The story is steeped in sour sex and melancholia. There is little to blow away the pervading gloom. The plot is wonderfully convoluted, a mystery addict’s delight, but its grip on the reader never wholly takes hold. Why this should be so is not entirely clear. There may be cause for beginning to wonder whether, just maybe, a message like this one might not have been a measure too much for its limited means of conveyance to handle.
Rating: B
The Michael Brennen series —
Cocaine and Blue Eyes (1978)
Cinderella After Midnight (1980)
August 17th, 2020 at 6:14 pm
Chandler and Hammett both often wrote about that place where the underbelly met high society. It is one of the most pervasive themes in hard-boiled literature, either the tough man or woman who drag themselves up from the bottom and want to keep it quiet or the slumming rich person caught in a downward spiral.
You may have hit the nail on the head with the phrase “sour sex and melancholia.”
Not knowing anything about the author I can’t say, but this sort of book often fails because the writer really has only second hand experience of these worlds. Chandler’s language was authentic as was his experience in bars, Hammett was probably the most authentic of hard-boiled writers, but both men wrote from an earned dystopian view, darkness seen and experienced, not just imagined.
The American John Gardner wrote about a trend he found tiresome among young writers of an unearned dystopian view he called DisPollyanna. I wonder if the darkness in this one perhaps was the result of that unearned darkness, a false hard-boiled point of view?
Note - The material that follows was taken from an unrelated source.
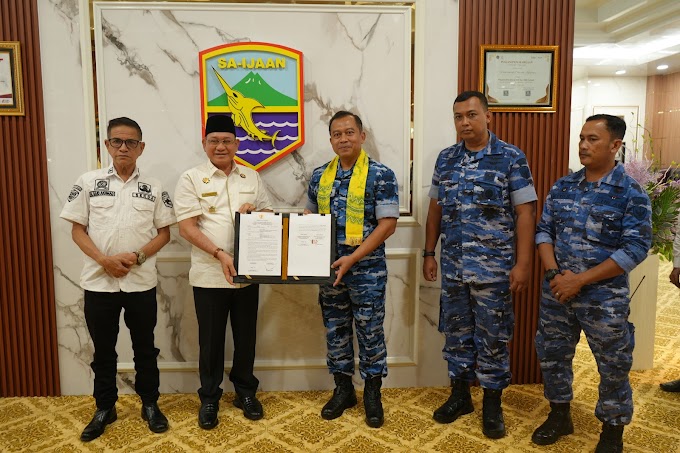 Pemda Kotabaru Hibahkan Tanah dan Bangunan untuk Pos TNI AU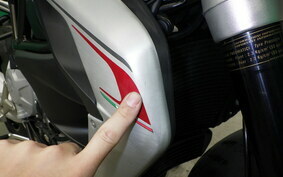 MV AGUSTA BRUTALE 800 DS 2014 B320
August 17th, 2020 at 6:17 pm
You make some good observations, David. I do not know the answer to your last question, but of all the reviews I have posted here of books I no longer remember, this is the one I’d like to re-read the most.
August 17th, 2020 at 7:12 pm
I’ve just discovered that I misspelled Michael Brennen’s name all these years, since corrected. Kevin Burton Smith’s entry on him is interesting:
https://thrillingdetective.wordpress.com/2020/04/27/michael-brennen/
Apparently Ross Macdonald was something of a mentor to Zackel, suggesting the former was also more of a model to him than either Hammett or Chandler.
I also learned that Zackel has written some other crime fiction, including a few PI novels too recent to be included in Hubin:
“Besides the Brennen books, he’s responsible for Murder in Wakiki, a novel which sparked the author’s fascination with Hawaiian culture. He’s also written a few P.I. standalones, including Tough Town Cold City (2010), which introduced another San Francisco private eye, Frank Pasnow, and The Girl Under the Bridge (2020), with muckruking journalist Frank Corso. Zackel’s short story collections include The Bicycles Were Gravestones and Creepier Than a Whorehouse Kiss.”
August 17th, 2020 at 8:15 pm
He’s an interesting guy. I met him through Bill Crider at a Bouchercon (Raleigh, I think), and he was also in St. Petersburg (again, my memory is not perfect). He and his wife joined a group of us (former DAPA-EM mostly) for dinner.
August 17th, 2020 at 8:48 pm
One of the bigger regrets in my life is not being able to get to more Bouchercons and other mystery get-togethers. I always enjoyed the ones I did get to, but they number less than the fingers on one hand. Not counting the thumb.
August 27th, 2020 at 12:39 pm
I remember the first one, Cocaine and Blue Eyes, getting a decent amount of buzz, and always wondered what happened to the fellow. It seems that he moved on to teaching, only returning steadily to writing around 2010. I’m curious as to why he stopped for so long.
I’m also morbidly curious to see the movie based on his first book, starring OJ Simpson.
August 27th, 2020 at 1:28 pm
I remember watching the movie, but to tell you the truth, Simpson was a far better football player than he was an actor, and all I remember about it was wondering why they took what I assumed was a good book and wasted it like that.